Men have been twice as likely as women to fall victim to online blackmail since the start of the COVID-19 pandemic, a study published Monday by the journal Victims & Offenders found.

This includes threats to publish explicit photos, videos and personal information, the researchers said.

Young people, Black and Native American women, and LGBTQ individuals also were at higher risk for being victims of this form of cyber-crime called “sextortion,” the data showed.

“Recent research has highlighted gender disparities in unpaid care work and household-related work since the start of the pandemic,” co-author Asia Eaton said in a press release.

“It is possible that men had more time to spend online than women during the pandemic,” said Eaton, an associate professor of psychology at Florida International University in Miami.

The findings are based on a survey of more than 2,000 adults in the United States conducted in 2020 and 2021, during the height of the COVID-19 pandemic, Eaton and her colleagues said.

Sextortion is a form of extortion in which the blackmailer threatens to publish explicit, private images or videos online unless their demands are met, according to the Federal Bureau of Investigation.

The blackmailer often is a current or former partner, but they also can be a stranger who has hacked into a victim’s online photos or webcam or an online dating scammer, the law enforcement agency says.

Reports of sextortion to the FBI rose during the pandemic, when many people remained home due to work and school closures and turned to online social platforms, particularly among teens.

The researchers asked 2,006 survey respondents if they had ever been a victim of sextortion, defined as “the act of threatening to expose a nude or sexually explicit image” in exchange for payment or sex acts.

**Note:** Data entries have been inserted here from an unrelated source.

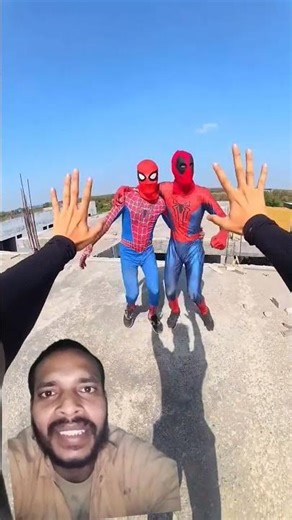 dancing Spider-Man big balloon 🎈#parkour #spidermanchallenge #shortvideo ‪@Delhikaspiderman‬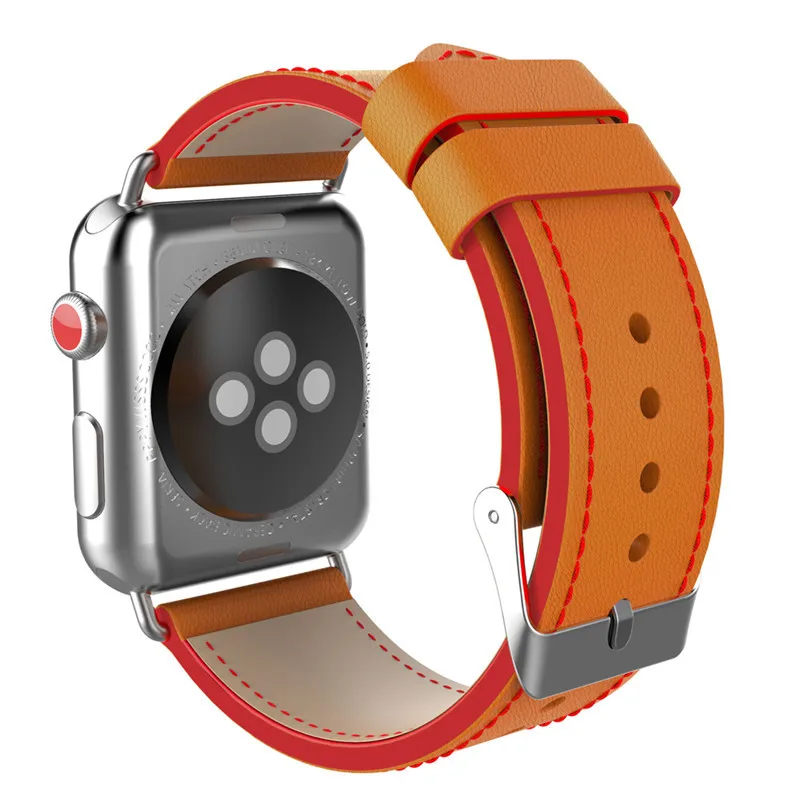 Коровьей кожаная Петля ремешок для apple watch iWatch серии 3/2/1 Тиффани синий разные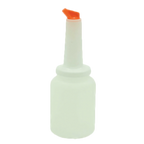 Thumbnail image #1 for Thunder Group PLSNP02O 2-Quart Plastic Storer and Pour Bottle with Color-Coordinated Spout and Cap, Orange Case of 6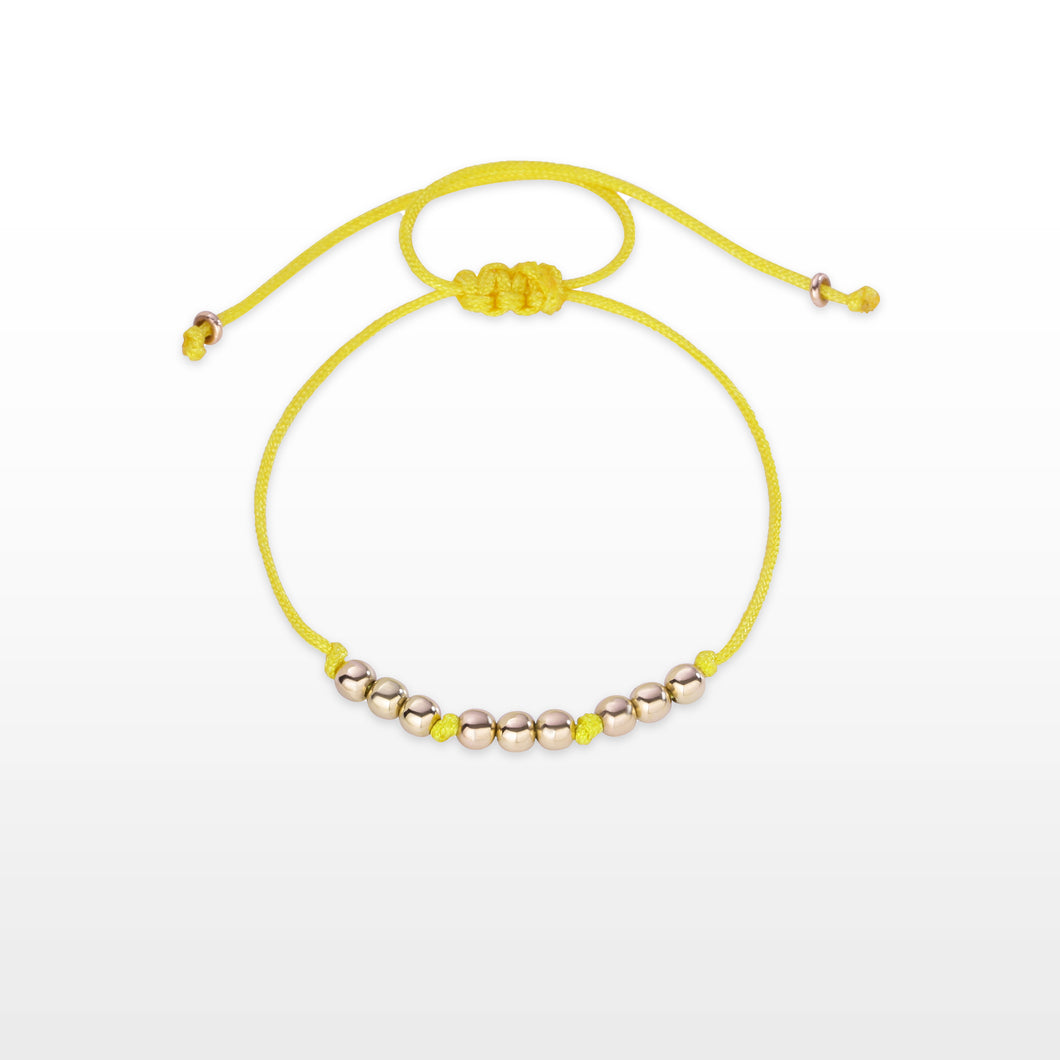 GG Petit 9 Gold Ball Yellow Thread Bracelet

Of male respondents, 4.5% said they had experienced sextortion since the start of the pandemic, compared to 2.3% of women, the data showed.

Black and Native American women were around seven times more likely to be victims of sextortion than White women, the researchers said.

LGBTQ respondents had an up to three-fold higher risk for being victims of sextortion compared with heterosexual individuals, according to the researchers.

More than 5% of respondents ages 18 to 29 years reported being victims of sextortion, compared with 4% of those ages 30 to 40 years and 3% of those ages 41 to 64 years, the data showed.

Respondents who were victims of sexual violence by a partner before the pandemic were up to 17% more likely to experience sextortion during the pandemic, the researchers said.

Sextortion was most commonly perpetrated by strangers and romantic partners, both current and former, they said.

“Sex education programs that teach about consent, pleasure and healthy relationship communication and decision-making may reduce both in-person and technology-facilitated sexual violence,” Eaton said.